Chase v. United States Postal Service
149 F. Supp. 3d 195
D. Mass.2016Background
- Chase was a USPS letter carrier (1997–2011); he suffered an on‑duty car accident July 2010 and was out on injured leave and workers’ compensation.
- USPS’s North Carolina office approved FMLA leave concurrent with workers’ compensation for the first 12 weeks (July 21–Oct 12, 2010), but Chase’s supervisor King believed Chase was only on paid workers’ compensation leave.
- While on leave Chase was arrested on drug charges (Sept. 18, 2010); King learned of the arrest and later initiated a Pre‑Disciplinary Interview (PDI) after Chase declined to answer based on counsel.

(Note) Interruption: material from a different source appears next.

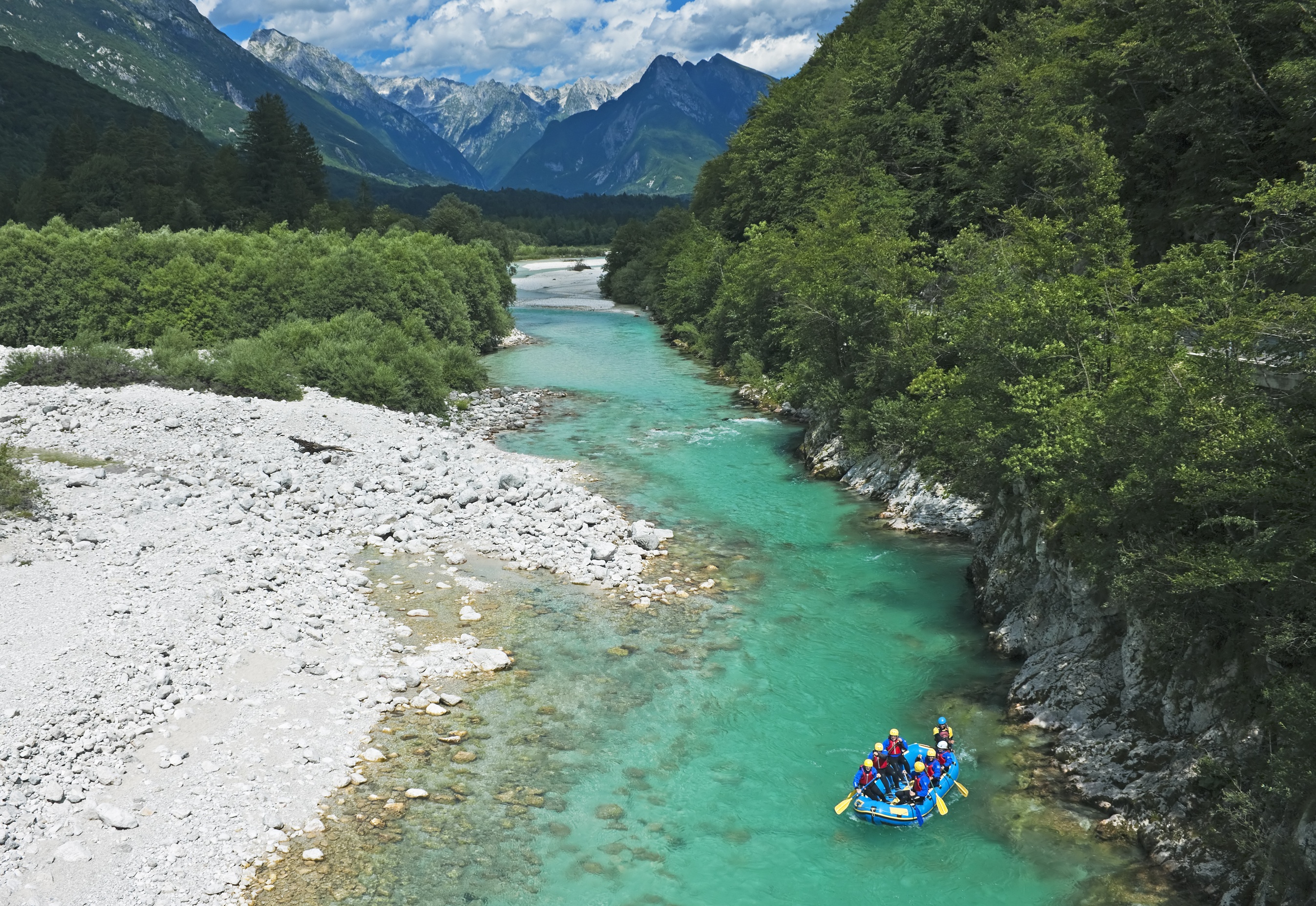 Rafting on the Soca River in the Julian Alps, Slovenia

- King sought Chase’s removal (January–February 2011) citing the arrest and PDI refusal; an arbitrator later affirmed removal after Chase’s criminal charge was reduced/dismissed contingent on probation.
- At trial the court found King harbored animus toward employees he believed abused injury leave, and that King treated Chase more harshly than comparators; but King did not know (and reasonably believed he did not know) Chase had invoked FMLA.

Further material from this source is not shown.